* _The input_
────────────────

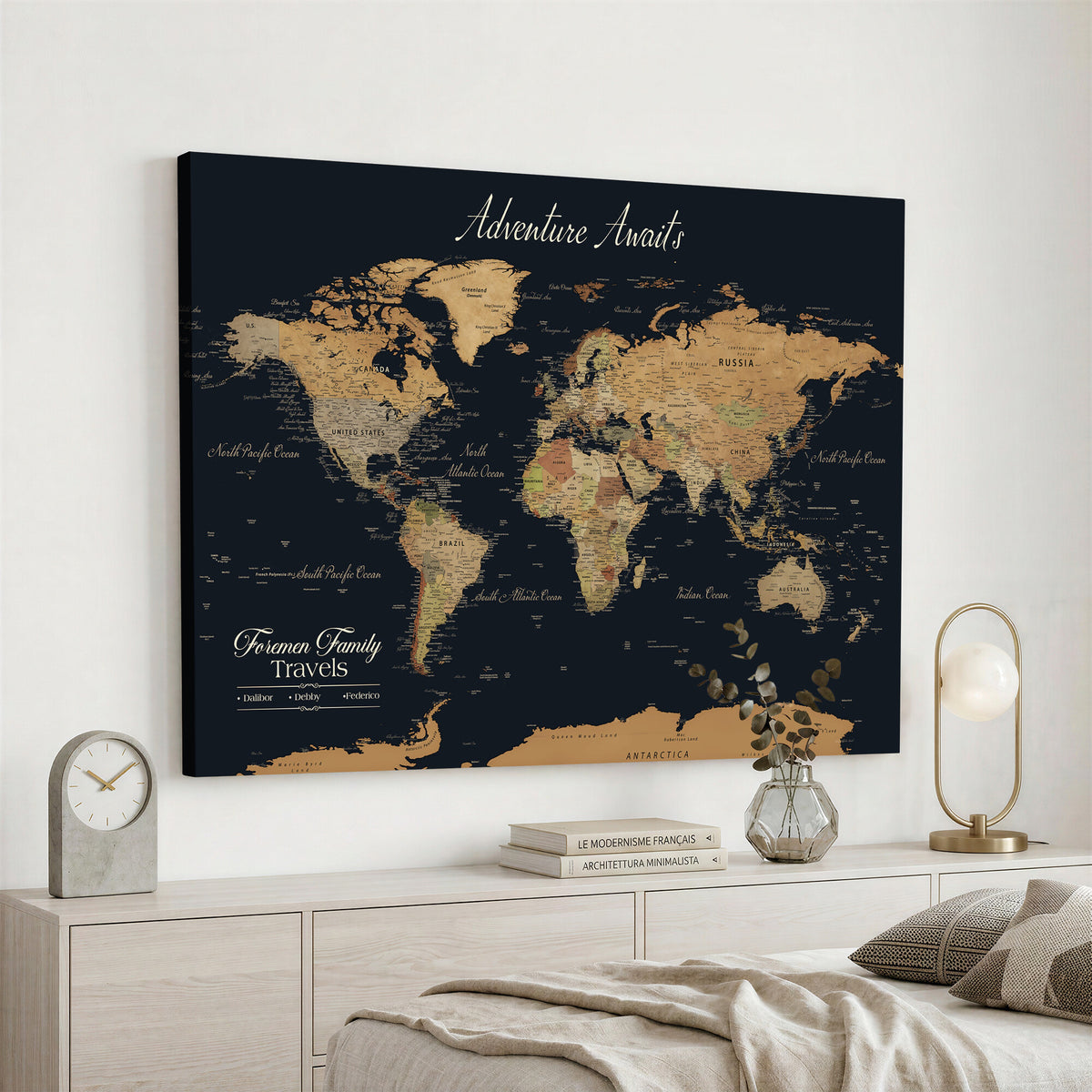31781393-MGV-CV-36X24 - Custom Push Pin World Map Wall Art Canvas Print | Personalized Travel Tracker with Pins Framed Large for Home Decor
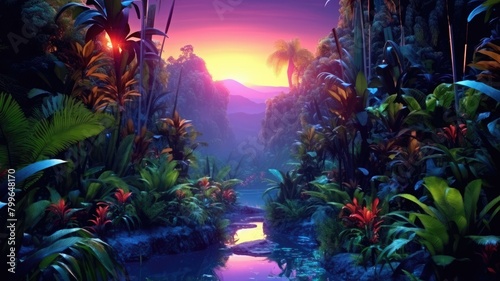 Tropical Sunset Serenity by Jungle River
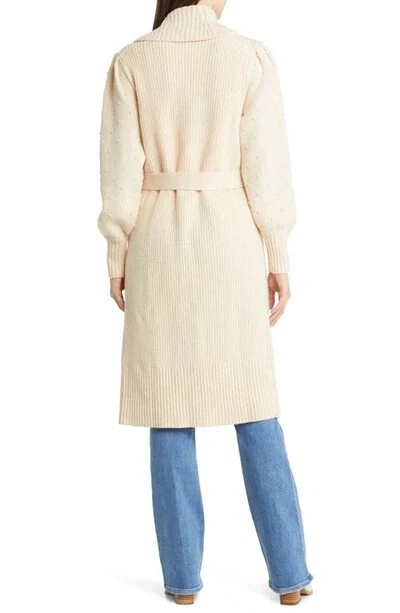 NUEVO PAIGE Loredana Cárdigan Largo Mezcla Lana Frente Abierto En Beige Talla M #S7028 Foto 3 de 4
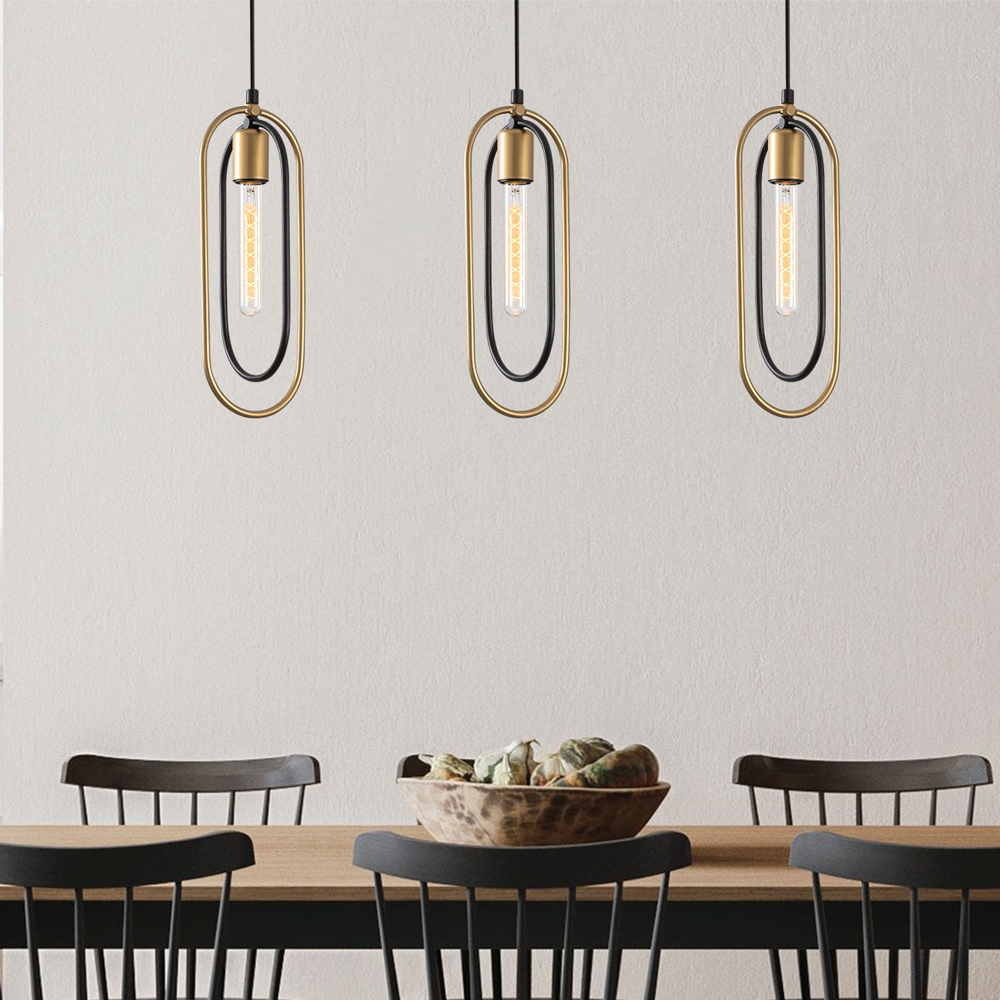 Cerco 3 Light Metal Ceiling Pendant Light in Black and Gold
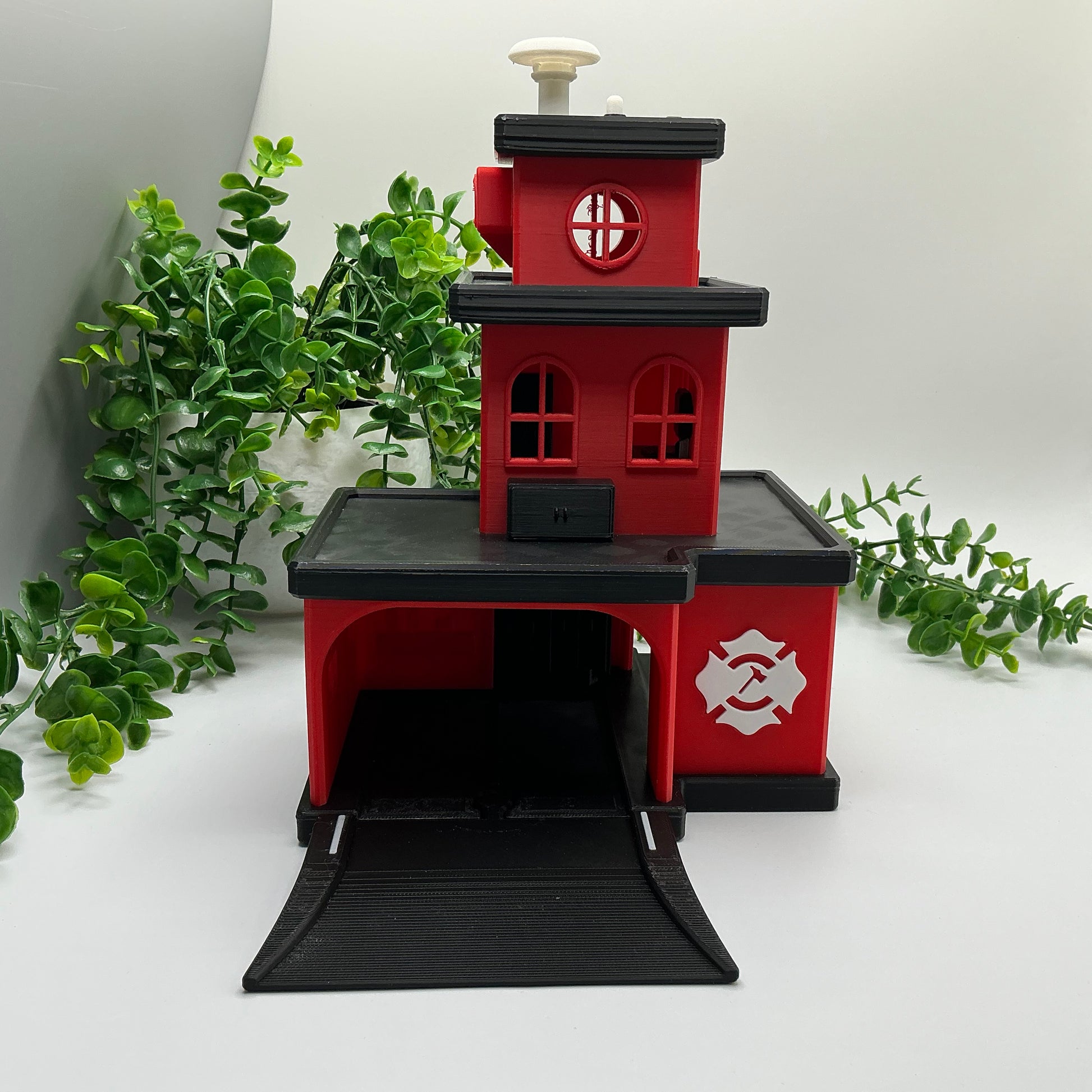3D printed fire station playset, wooden train track compatible - image 11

────────────────

* _Task details_
Give back an exact repeat of the lines from the top of the data through the line that holds "Cerco 3 Light", both included, and omit pictures.

* _Finished task_
31781393-MGV-CV-36X24 - Custom Push Pin World Map Wall Art Canvas Print | Personalized Travel Tracker with Pins Framed Large for Home Decor
 Tropical Sunset Serenity by Jungle River
 NUEVO PAIGE Loredana Cárdigan Largo Mezcla Lana Frente Abierto En Beige Talla M #S7028 Foto 3 de 4
 Cerco 3 Light Metal Ceiling Pendant Light in Black and Gold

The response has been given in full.